• What is expected
Up to and including the line bearing "A view from", output every line of the entries exactly as written, starting from the first; pictures stay out.

Collected data entries:
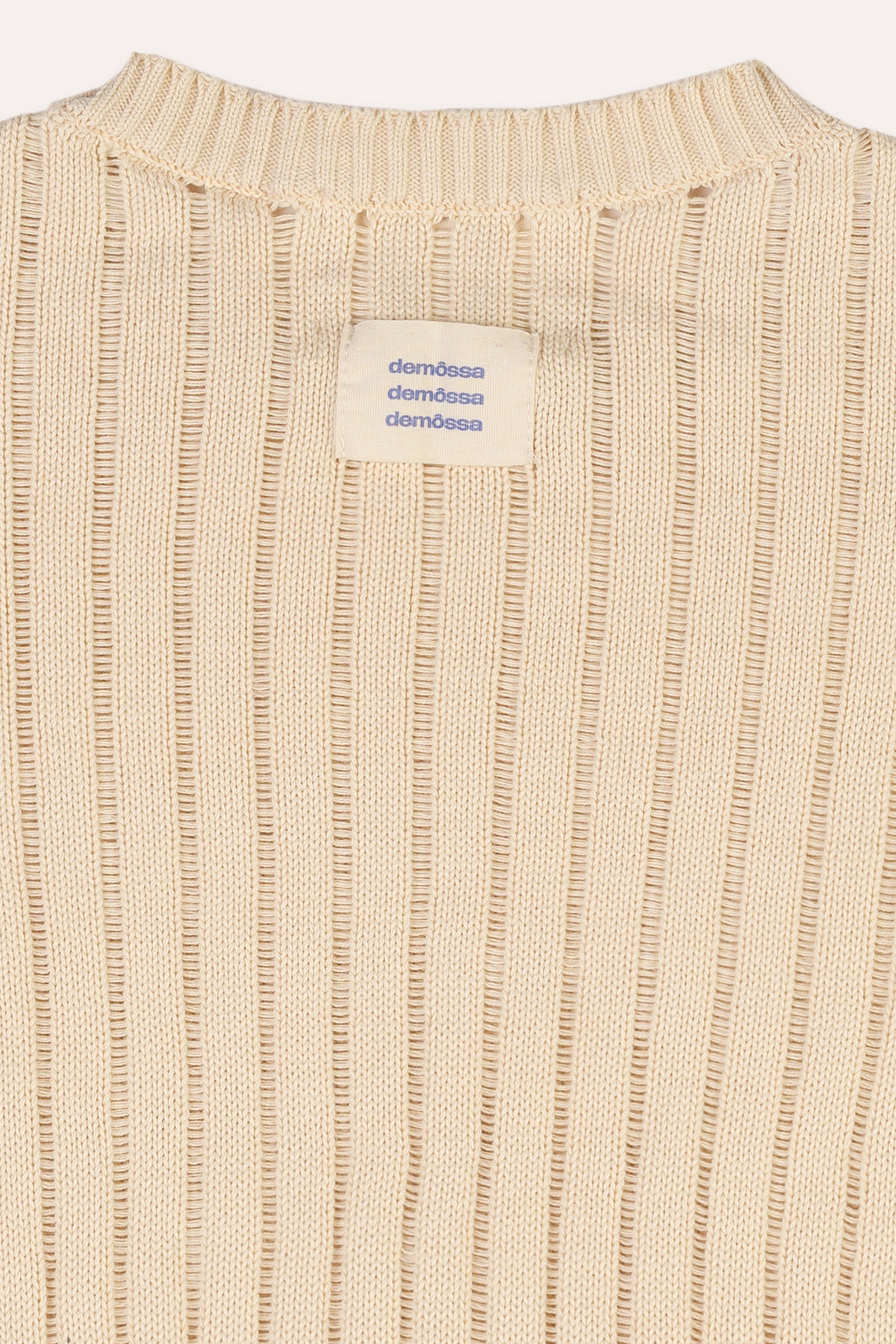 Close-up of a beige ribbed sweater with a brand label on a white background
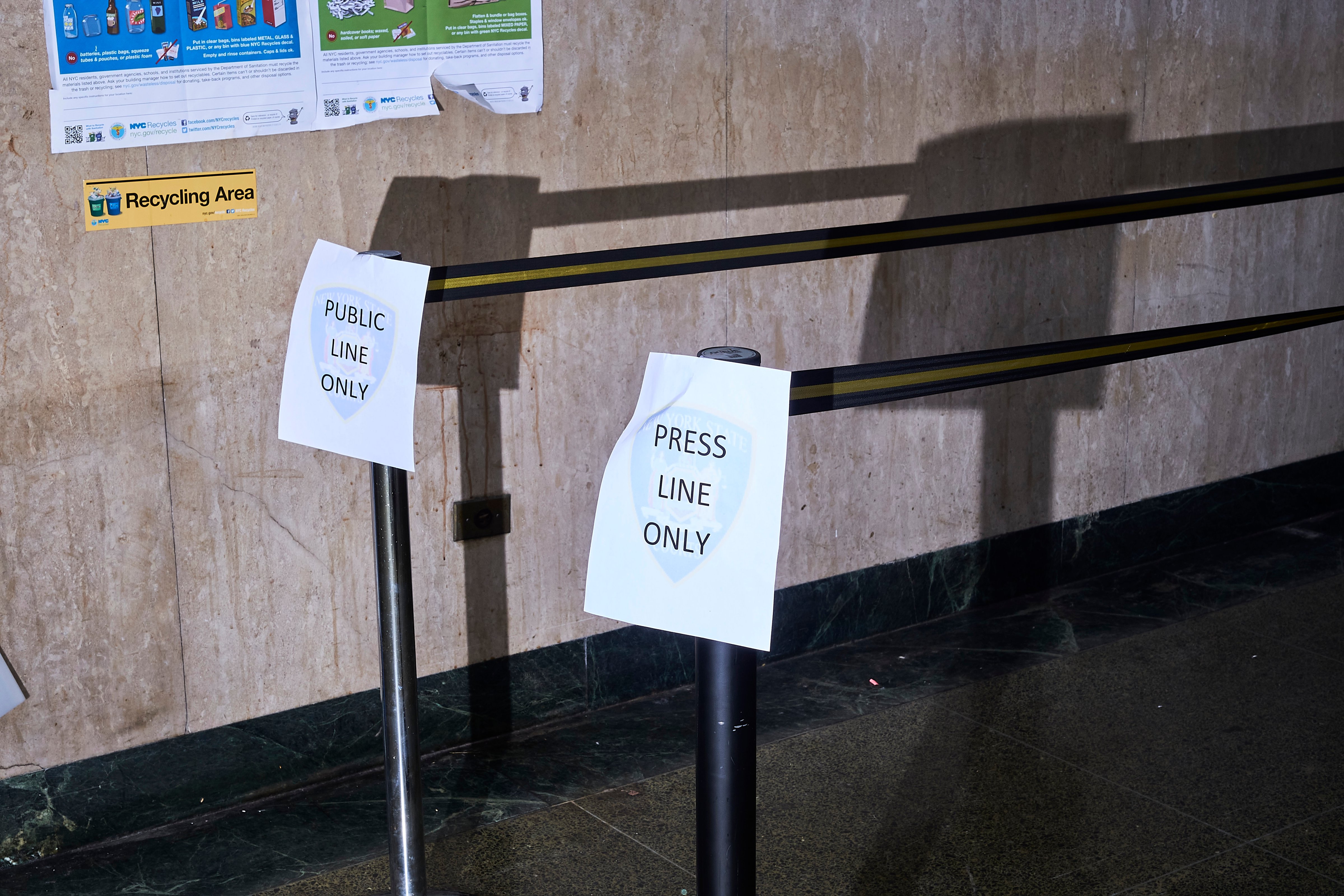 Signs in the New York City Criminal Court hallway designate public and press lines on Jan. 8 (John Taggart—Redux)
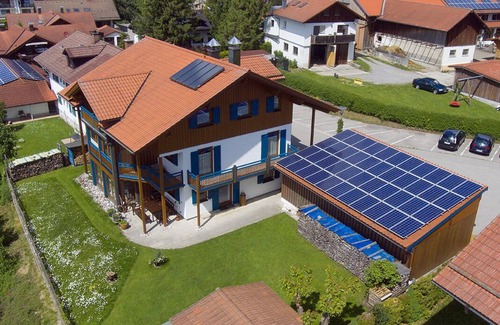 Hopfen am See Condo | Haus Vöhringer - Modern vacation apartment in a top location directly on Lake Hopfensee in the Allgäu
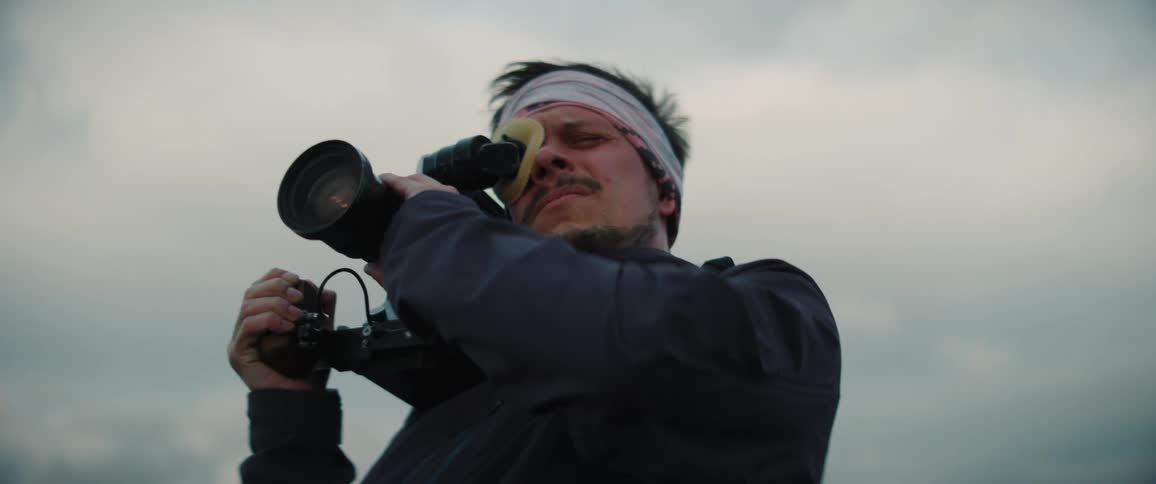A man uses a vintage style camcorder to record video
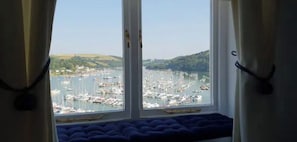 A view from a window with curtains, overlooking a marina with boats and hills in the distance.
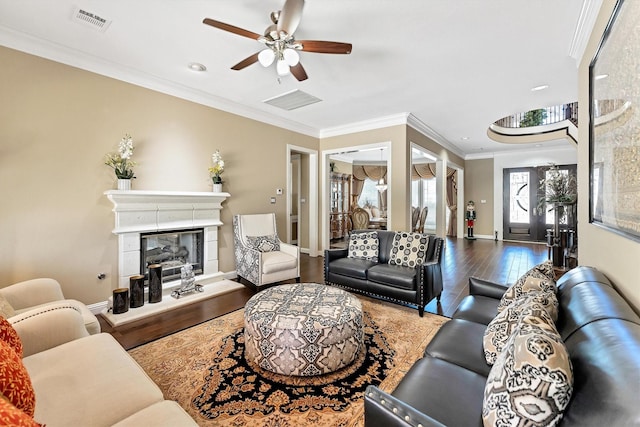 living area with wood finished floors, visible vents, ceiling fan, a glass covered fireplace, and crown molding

• Result
 Close-up of a beige ribbed sweater with a brand label on a white background
 Signs in the New York City Criminal Court hallway designate public and press lines on Jan. 8 (John Taggart—Redux)
 Hopfen am See Condo | Haus Vöhringer - Modern vacation apartment in a top location directly on Lake Hopfensee in the Allgäu
A man uses a vintage style camcorder to record video
 A view from a window with curtains, overlooking a marina with boats and hills in the distance.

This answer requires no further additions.